= Antonio Baldi (singer) =

c. 1730 caricature of Antonio Baldi. Drawing by Antonio Maria Zanetti.

Antonio Baldi was an Italian alto castrato.
==Biography==
Antonio Baldi was born in Cortona in an unknown year. In 1714 he starred as Berardo in Andrea Stefano Fiorè's La innocenza giustificata at the Teatro Santa Cecilia, Palermo. He was active as a singer in Palermo through 1716; also performing there as Zoroastro in Il Nino (1715, possibly composed by Carlo Francesco Pollarolo) and Nino in Apostolo Zeno and Pietro Pariati's L'Astarto (1716, unknown composer).
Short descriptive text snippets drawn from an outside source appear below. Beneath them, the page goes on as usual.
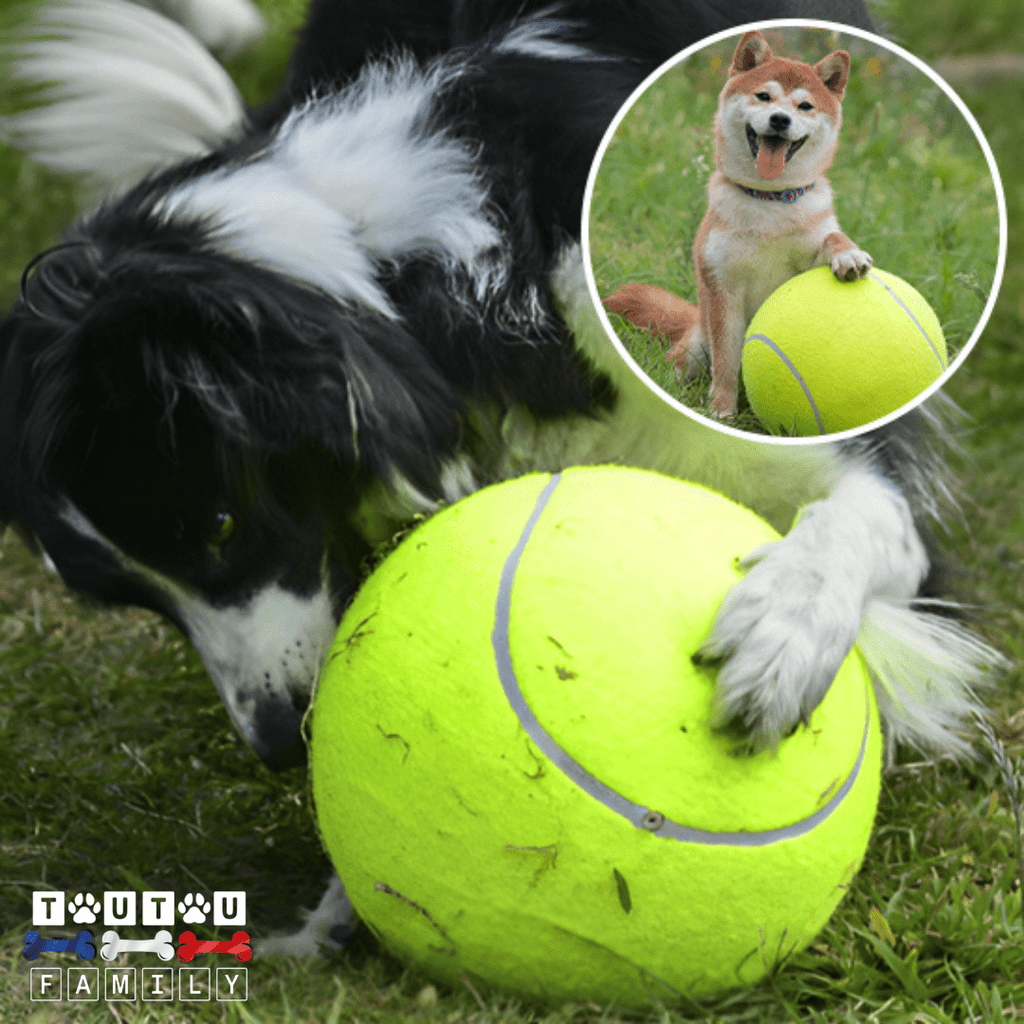 Balle pour chien géante - GéanToutou™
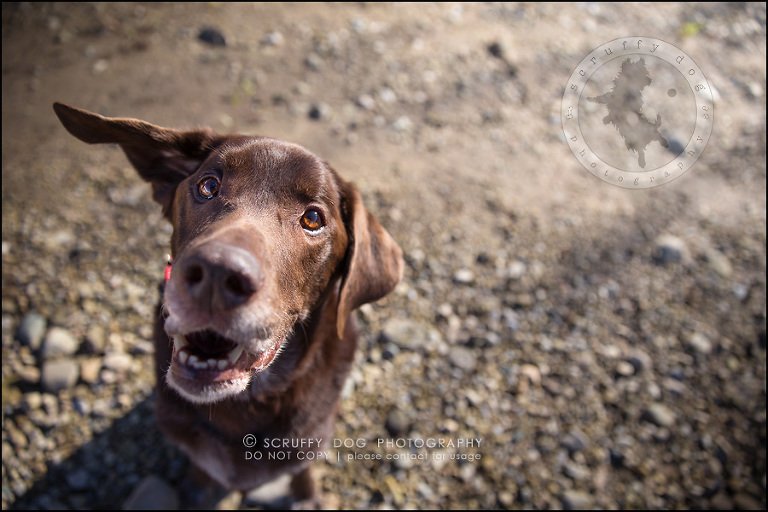 17-waterloo-ontario-best-professional-dog-photographer-max shoup-53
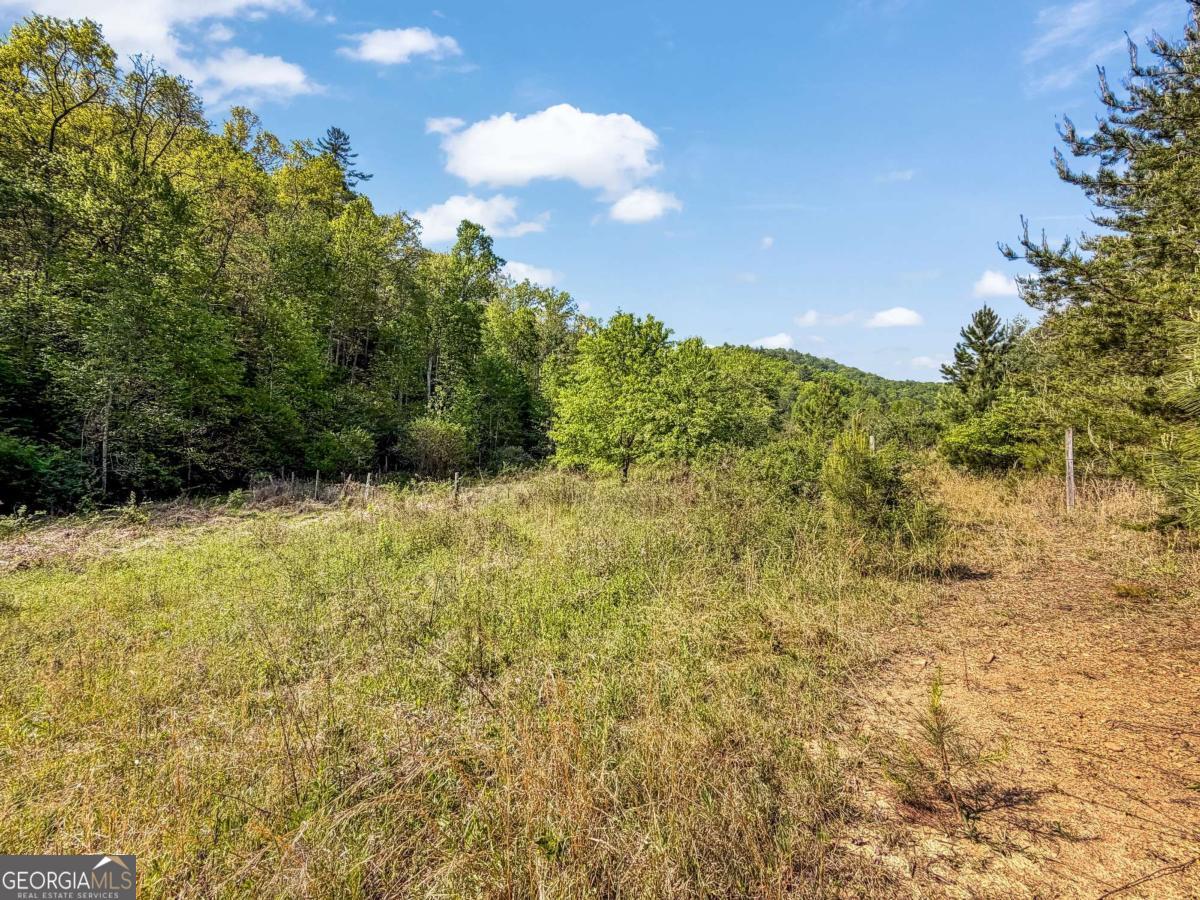 80 Acres Valley Lake Road Property Photo 57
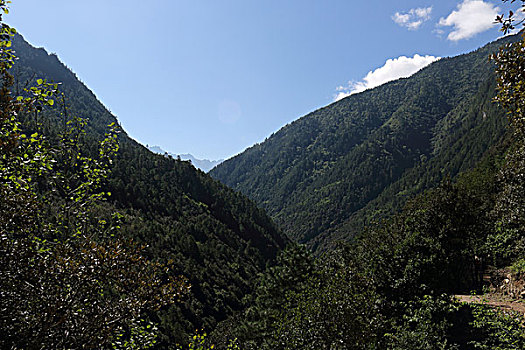 bạch thu lo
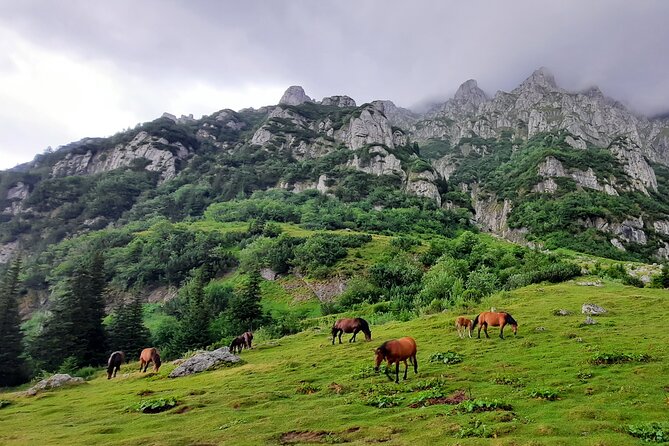 Private day hike from Brasov to Malaiesti Cottage - What to bring: mandatory gear and smart lunch planning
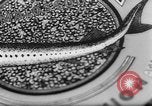 Image of sturgeon fish Russia, 1961, second 44 stock footage video 65675069265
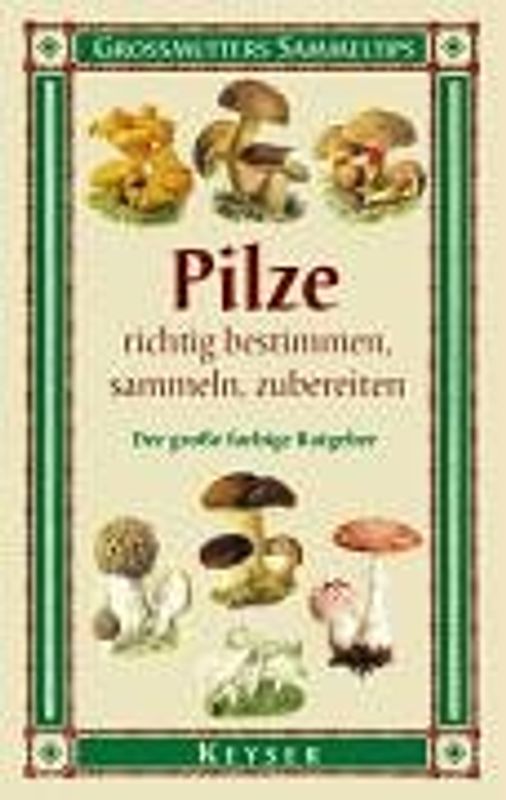 Pilze richtig bestimmen, sammeln, zubereiten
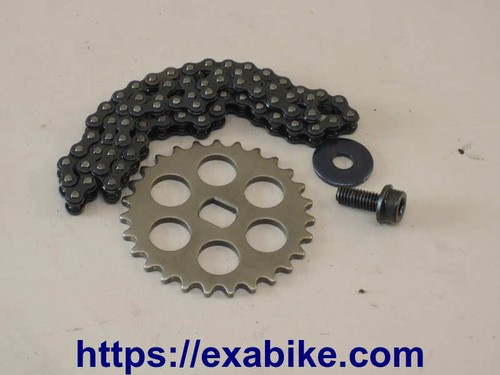 Sprocket and oil - pump, chain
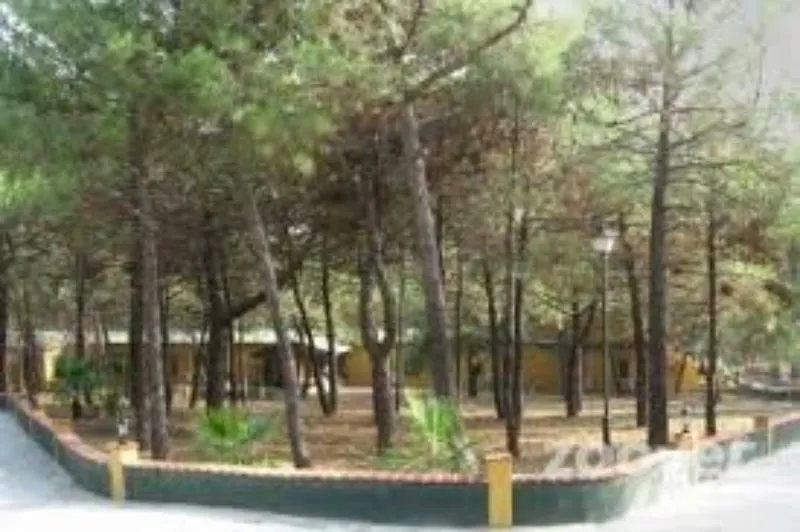 Ciudad Del Cine Hotel Coin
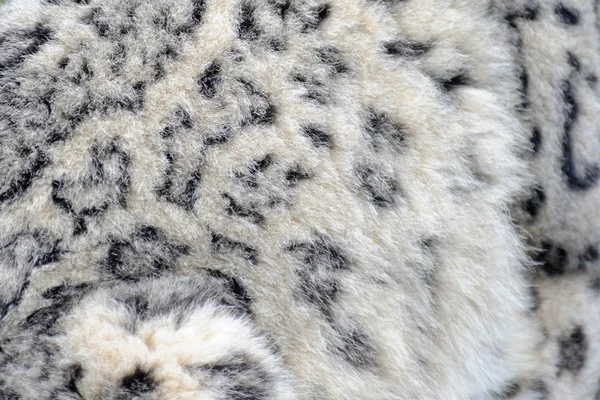 Pelo di leopardo delle nevi — Foto Stock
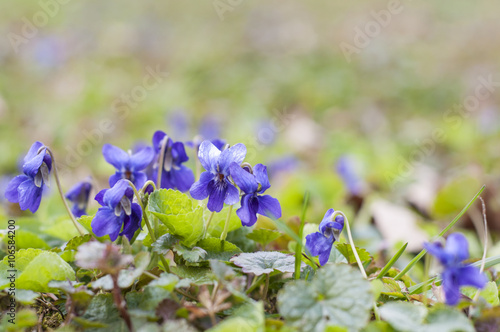 Common violet in the springtime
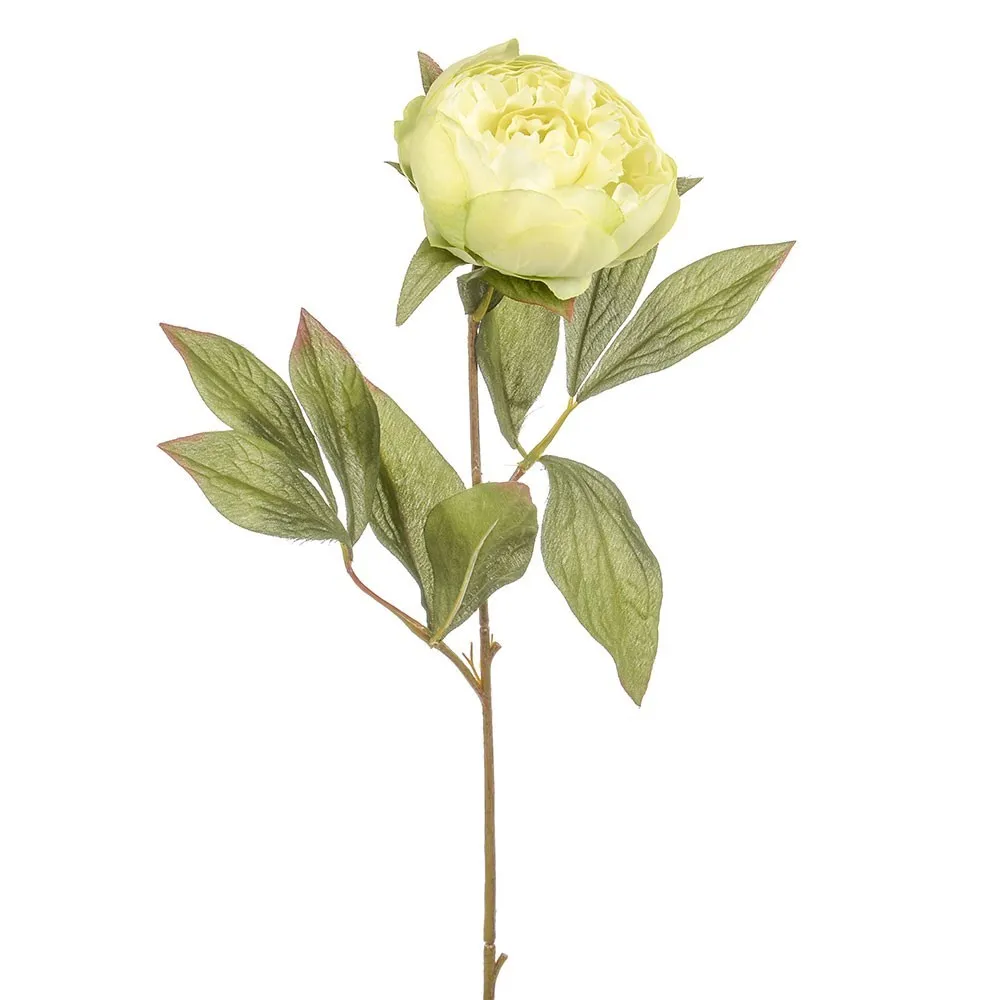 CB Dawn Peony Green 62cm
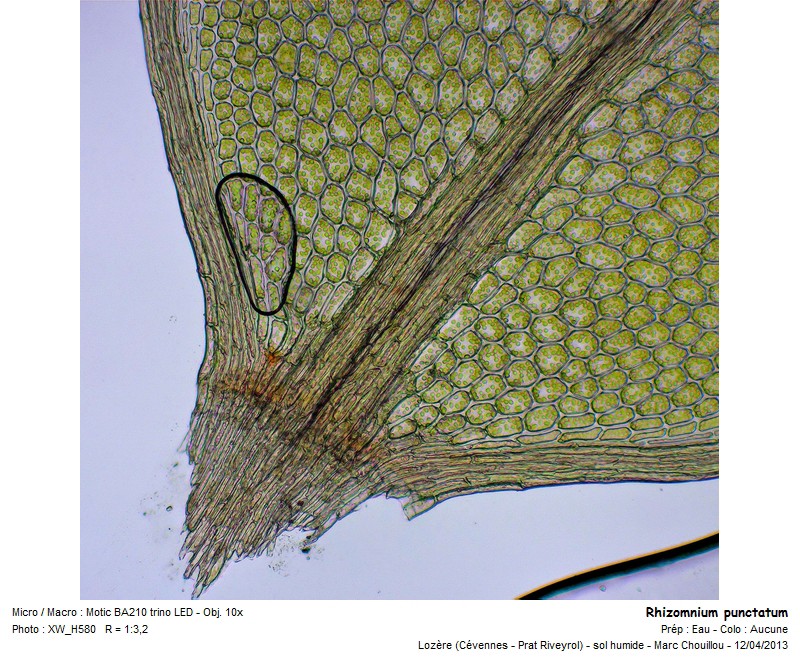 Rhizomnium punctatum (Hedw.) T. J. Kop. #35874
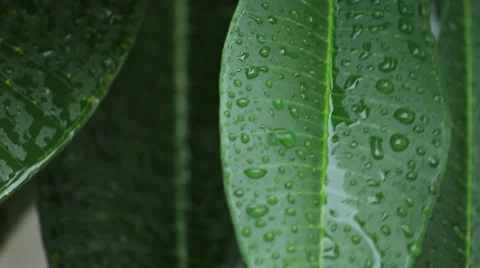 Close up pouring rain drop on green leaves. Stock Footage 42099728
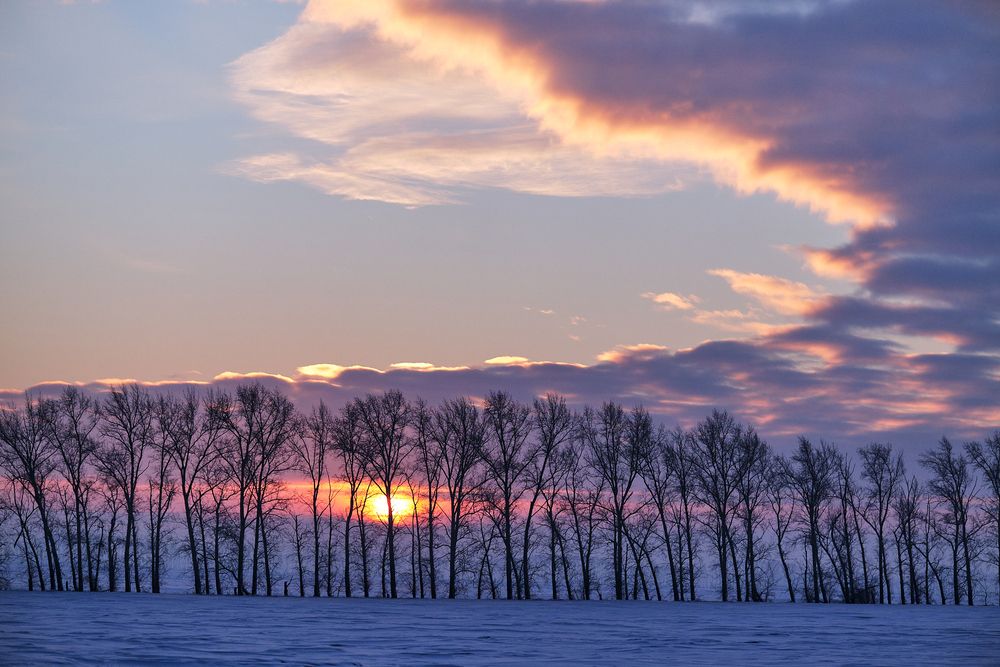 Photograph by Михаил Рогачев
He worked in operas in Venice from 1722-1724 at the Teatro San Giovanni Grisostomo; performing in the premieres of Carlo Grua's Romolo e Tazio (1722, as Tatius), Giovanni Maria Capelli's Mitridate, re di Ponto (1723, as Pharnaces), Francesco Gasparini's Gli equivoci d'amore e d'innocenza (1723, as Ernesto), and Michelangelo Gasparini's Il più fedel tra gli amici (1724, as Araspe).

In 1723 Baldi portrayed Cosroe in the pastiche Ormisda at the Teatro del Falcone in Genoa. From 1725 to 1728 he was an opera singer at the King's Theatre, Haymarket in London. At that theatre he performed as a member of George Frideric Handel's Royal Academy of Music company; making his debut in the pastiche Elpidia by Leonardo Vinci and Giuseppe Maria Orlandini. He performed in the world premieres of several of Handel's operas; including Scipione (1726, as Scipione), Alessandro (1726, as Tassile), Riccardo Primo (1727, as Oronte), Admeto (1727, as Trasimede), Siroe (1728, as Medarse), and Tolomeo (1728, as Alessandro). He also performed the role of Tigrane in the premiere of the revised version of Handel's Radamisto (1728).

From 1729 to 1735 Baldi sang regularly in Venice. In 1734 he portrayed Anassandro in the premiere of Geminiano Giacomelli's Merope, and Megabise in Johann Adolph Hasse's Artaserse in Venice. After 1735 nothing is known of the singer, including when and where he died.